Note that both IPCA and PCA rank the variables in similar same order of importance, the largest difference lies in the loading values

head(selectVar(liver.ipca, comp = 1)$value)
##                 value.var
## A_42_P567268 -0.002574236
## A_43_P11710   0.002430036
## A_42_P584188  0.002260977
## A_42_P493162 -0.002199279
## A_42_P496622  0.002078646
## A_43_P15711  -0.002050732
head(selectVar(liver.pca, comp = 1)$value)
##                value.var
## A_42_P567268  0.13356427
## A_42_P493162  0.12585209
## A_43_P15711   0.11553498
## A_43_P11754   0.10697546
## A_43_P14324   0.10053332
## A_42_P496622 -0.09992275
plotVar(liver.ipca, pch = 20)

plot of chunk unnamed-chunk-9

The use of a sparse IPCA (sIPCA) would be more appropriate to interpret the results as there are too many genes, see the next section.

Kurtosis

The kurtosis measure is used to order the loading vectors to order the Independent Principal Components. The kurtosis value is a good post hoc indicator of the number of components to choose, as a sudden drop in the values corresponds to irrelevant dimensions.

liver.ipca$kurtosis
## [1] 9.7068221 6.9869933 0.6729702

Sparse Independent PCA analysis (sIPCA)

Sparse Independent Principal Component Analysis (IPCA) combines the advantages of IPCA with soft-thresholding applied in the independent loading vectors to perform internal variable selection, see mixOmics page here for more details.
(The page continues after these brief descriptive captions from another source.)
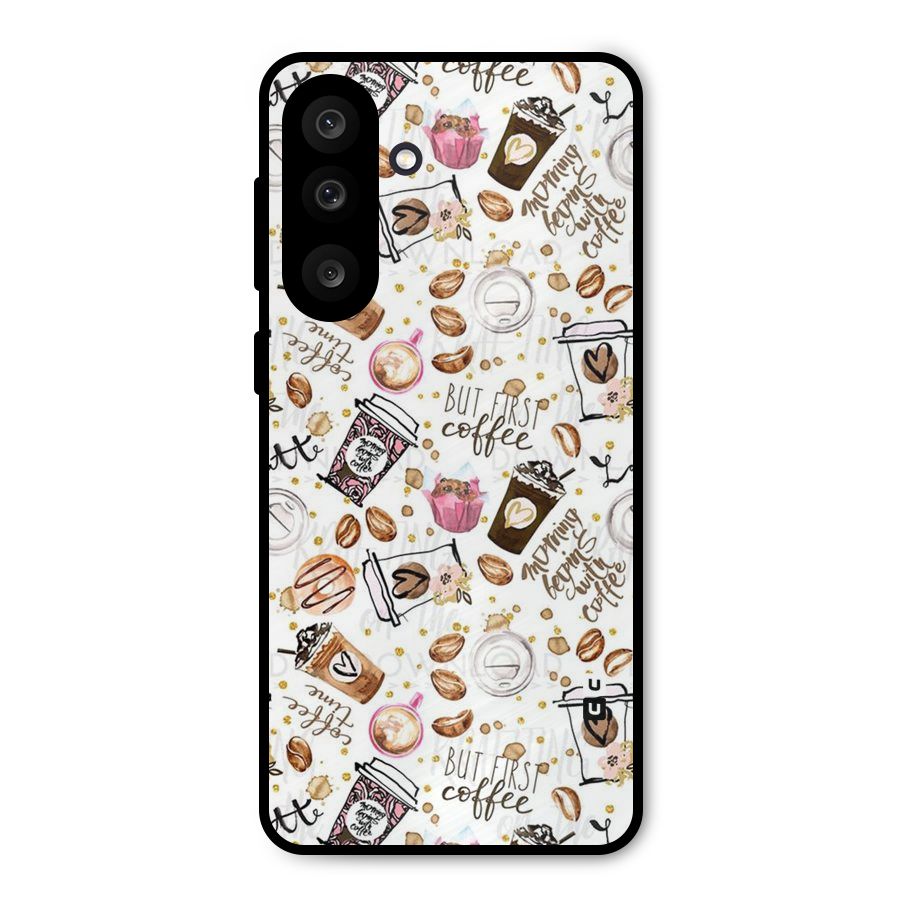 Coffee Pattern Metal Back Case for Galaxy M56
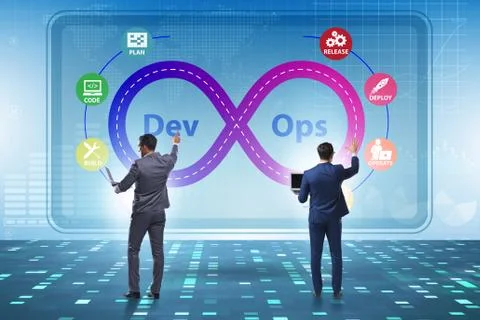 DevOps software development IT concept Stock Photos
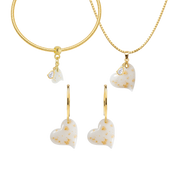 Twisted Heart Gold Leaf with Zirconia Drop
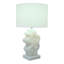 Élégante lampe de table avec base sculpturale ondulée pour la chambre à coucher - Lampe de chevet élégante ou petite lampe de bureau pour le salon - 27 po, blanc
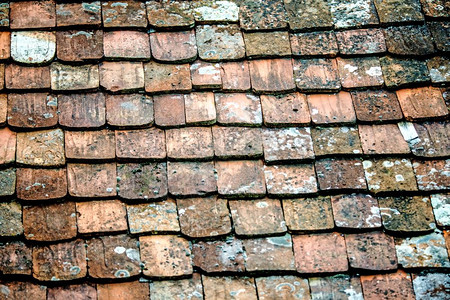 旧屋顶有中世纪瓷砖图片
liver.sipca <- sipca(X, ncomp = 3, mode = "deflation",
                         scale = FALSE, keepX = c(50,50,50))

Sample Plots

plotIndiv(liver.sipca, ind.names = liver.toxicity$treatment[, 3], group= liver.toxicity$treatment[,4], legend = TRUE, title = 'Liver, IPCA')
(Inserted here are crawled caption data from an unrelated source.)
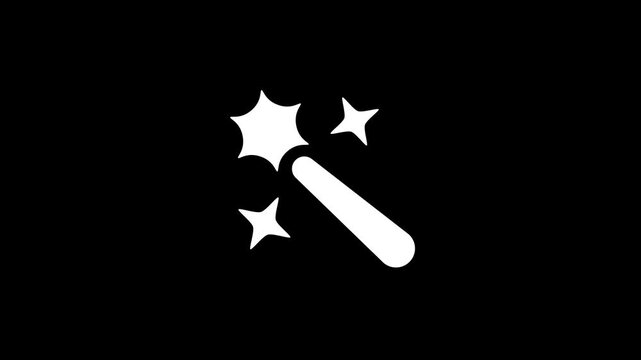 Magic Wand Icon Animation with Sparkles on Black Background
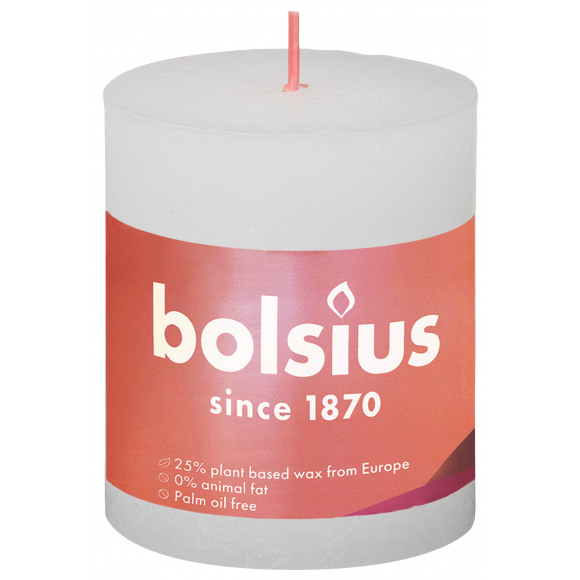 BOLSIUS Bougie Cylindre Rustique Blanc H 10cm Ø 10cm 62h Blanc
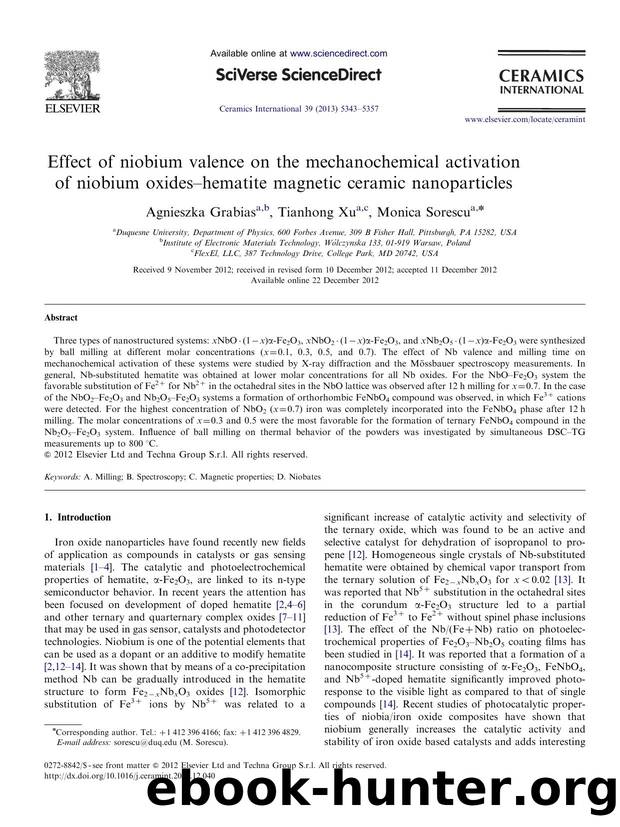 Effect of niobium valence on the mechanochemical activation of niobium oxidesâhematite magnetic ceramic nanoparticles by Agnieszka Grabias & Tianhong Xu & Monica Sorescu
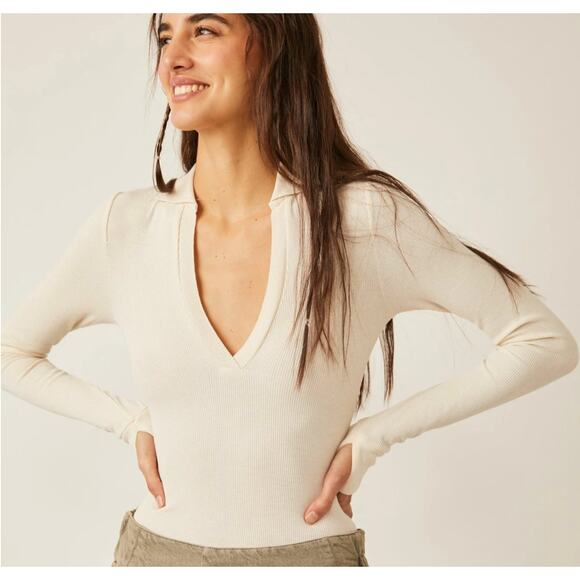 FREE PEOPLE NWT Do It Right Ribbed Long Sleeve Collar Bodysuit in Ivory // Large - Picture 1 of 12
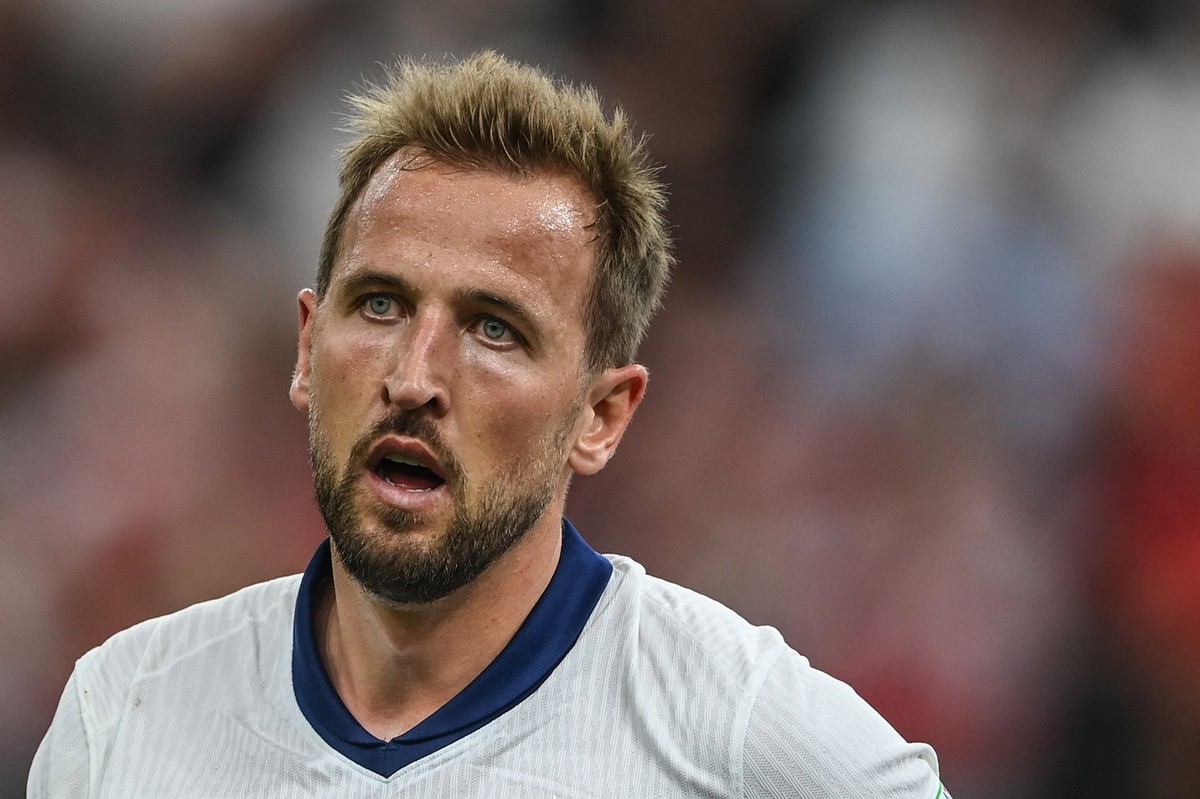 20.06.2024, Hessen, Frankfurt/M.: Fußball: EM, Dänemark - England, Vorrunde, Gruppe C, Spieltag 2, Frankfurt Arena, Englands Harry Kane reagiert. Foto: Swen Pförtner/dpa +++ dpa-Bildfunk +++ (KEYSTONE ...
plot of chunk unnamed-chunk-12

Variable Plots

head(selectVar(liver.sipca, comp = 1)$value)
##                 value.var
## A_42_P567268 -0.001537541
## A_43_P11710   0.001393341
## A_42_P584188  0.001224282
## A_42_P493162 -0.001162584
## A_42_P496622  0.001041951
## A_43_P15711  -0.001014037
plotVar(liver.sipca, pch = 20)

plot of chunk unnamed-chunk-13

As the above plots show, there are improvements observed in the sample cluster in sIPCA compared to IPCA.

References

  1. Yao F., Coquery J., LĂȘ Cao K.-A. (2012) Independent Principal Component Analysis for biologically meaningful dimension reduction of large biological data sets, BMC Bioinformatics 13:24.

  2. Bushel, P.R., Wolfinger, R.D. and Gibson, G., 2007. Simultaneous clustering of gene expression data with clinical chemistry and pathological evaluations reveals phenotypic prototypes. BMC Systems Biology, 1(1), p.1.